Typical EEG Tracings from non-meditating subject. Each line represents output from an electrode sensor placed on the scalp.

An EEG measurement identifies wavelengths—or frequencies—of brainwaves. During ordinary waking consciousness, EEG patterns are generally scattered, disorderly, and rapidly changing. 

By contrast, as the mind settles into the practice of the Transcendental Meditation technique, brainwaves tend to become rhythmic and orderly—they fall into “phase”—and move synchronously over large areas in the frontal regions of the brain (as shown below), extending eventually toward the posterior regions as well. This is called EEG coherence.*

EEG tracings recorded during practice of the TM technique. The lines are moving up and down together — brain waves are no longer scattered but "in phase," indicating that neurons are firing in harmony within the same frequency of alpha1. 

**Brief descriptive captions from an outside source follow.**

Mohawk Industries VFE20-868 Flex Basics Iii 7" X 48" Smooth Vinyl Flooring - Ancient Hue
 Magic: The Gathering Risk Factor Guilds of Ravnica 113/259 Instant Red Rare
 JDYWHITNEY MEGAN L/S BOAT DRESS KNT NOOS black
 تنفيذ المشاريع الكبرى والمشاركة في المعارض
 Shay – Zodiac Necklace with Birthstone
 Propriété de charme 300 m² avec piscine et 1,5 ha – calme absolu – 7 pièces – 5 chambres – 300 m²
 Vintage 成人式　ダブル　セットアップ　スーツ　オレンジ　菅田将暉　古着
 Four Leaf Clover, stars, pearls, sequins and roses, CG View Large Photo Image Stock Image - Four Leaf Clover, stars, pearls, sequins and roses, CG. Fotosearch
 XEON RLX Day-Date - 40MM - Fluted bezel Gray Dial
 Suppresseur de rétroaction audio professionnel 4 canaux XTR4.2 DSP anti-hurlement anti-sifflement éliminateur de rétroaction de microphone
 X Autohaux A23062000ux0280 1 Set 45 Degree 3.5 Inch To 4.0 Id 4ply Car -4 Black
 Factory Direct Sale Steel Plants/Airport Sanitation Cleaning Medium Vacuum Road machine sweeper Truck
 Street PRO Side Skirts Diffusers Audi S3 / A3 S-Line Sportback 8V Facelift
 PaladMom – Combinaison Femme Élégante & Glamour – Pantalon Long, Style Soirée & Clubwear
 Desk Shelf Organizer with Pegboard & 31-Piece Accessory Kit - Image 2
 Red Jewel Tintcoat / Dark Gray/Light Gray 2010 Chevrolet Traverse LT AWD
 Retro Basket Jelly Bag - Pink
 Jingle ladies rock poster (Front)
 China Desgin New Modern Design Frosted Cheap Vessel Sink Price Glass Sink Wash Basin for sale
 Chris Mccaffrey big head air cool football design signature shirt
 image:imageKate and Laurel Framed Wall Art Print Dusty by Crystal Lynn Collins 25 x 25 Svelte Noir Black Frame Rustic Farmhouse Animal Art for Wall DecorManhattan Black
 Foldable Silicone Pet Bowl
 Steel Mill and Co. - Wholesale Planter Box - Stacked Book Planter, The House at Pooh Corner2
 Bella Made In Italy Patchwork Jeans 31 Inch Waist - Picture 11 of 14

Higher coherence is associated with more integrated and effective thinking and behavior, including greater intelligence, creativity, learning ability, emotional stability, ethical and moral reasoning, self-confidence, and reduced anxiety.

Everything good about the brain depends on its coherent, orderly functioning. Recent studies in neuroscience have found that world-class athletes have higher EEG coherence than controls, and higher-performing CEO's display greater coherence than other executives.

Researchers have long known that most experiences, whether sensory or cognitive, engage specific, localized areas of the brain. Studies on brain patterns during TM practice indicate that the technique enlivens coherence over a wide area—creating more efficient coordination of brain activity and stimulating the growth of what scientists propose to be “total brain functioning."

EEG studies showing brainwave coherence during practice of the TM technique along with synchronized alpha power in the frontal cortex have established the EEG signature for “restful alertness” or "pure consciousness," the inner experience commonly reported by people practicing the Transcendental Meditation technique.

Scientific References: Cognitive Processing 11:1 (2010); Consciousness and Cognition, 8, 302-318, 1999; International Journal of Neuroscience 14: 147–151, 1981; Science 167 (1970); Scientific American 226 (1972); American Journal of Physiology 221 (1971); Electroencephalography and Clinical Neurophysiology 35 (1973).

Have other meditation techniques been found to produce these same levels of coherent brain functioning? No...>>

Read more on The Huffington Post: "Keeping Your Prefrontal Cortex Online: Neuroplasticity, Stress and Meditation"

*TECHNICAL: EEG coherence is a measure of correlation or synchrony of the EEG waves recorded at two points on the scalp. Mathematically, it is the absolute value of the cross-correlation function in the frequency domain of two electrical signals. Coherence reflects the number and strength of connections between two brain areas. Higher coherence indicates that these two points of the brain are working more closely together.

Normally applied to scalp EEG sensors that detect cortical neuron activity in the area below the sensor, the electrical waves are computer analyzed in a very precise manner to determine how similar the two waves are to each other over time. Specifically, the brainwave pattern from two points of the scalp are analyzed first for a given frequency band, say, alpha—between 8 and 12 cycles per second. These two converted signals are then examined over about a 1-2 second period to get an average value of the similarity in the upward and downward movement of each of the two waves. Thus, the researcher obtains an accurate measure of the constancy of the phase relationship of the two wave patterns over a given time period. This constancy is closely correlated with fundamental modes of brain information transfer.